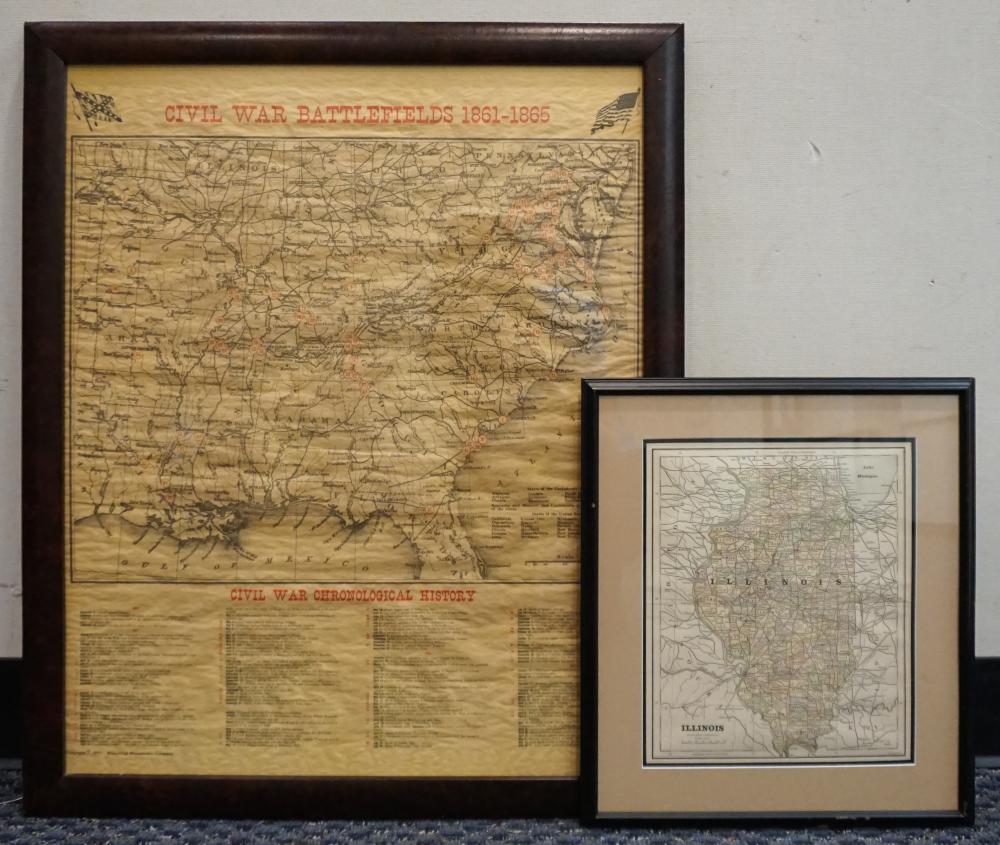 TWO MAPS OF ILLINOIS AND CIVIL 32cdd2
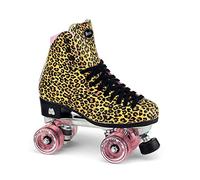 Moxi Quad Roller Skates - Jungle Pink/Leopard Print (US 5 / UK 3.5-4)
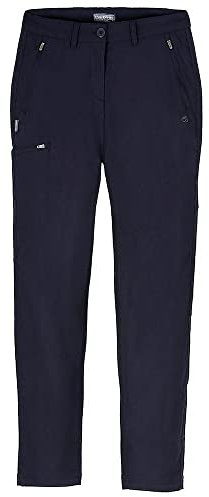 Craghoppers Womens Expert Kiwi Pro Stretch Trousers, Dark Navy, Size 16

> [ASSIGNMENT]
The line containing "Moxi Quad Roller" marks the start: set down exactly that line and every line after it through the last line of the data, without any pictures.

> [ANSWER TO THIS EXERCISE]
 Moxi Quad Roller Skates - Jungle Pink/Leopard Print (US 5 / UK 3.5-4)
 Craghoppers Womens Expert Kiwi Pro Stretch Trousers, Dark Navy, Size 16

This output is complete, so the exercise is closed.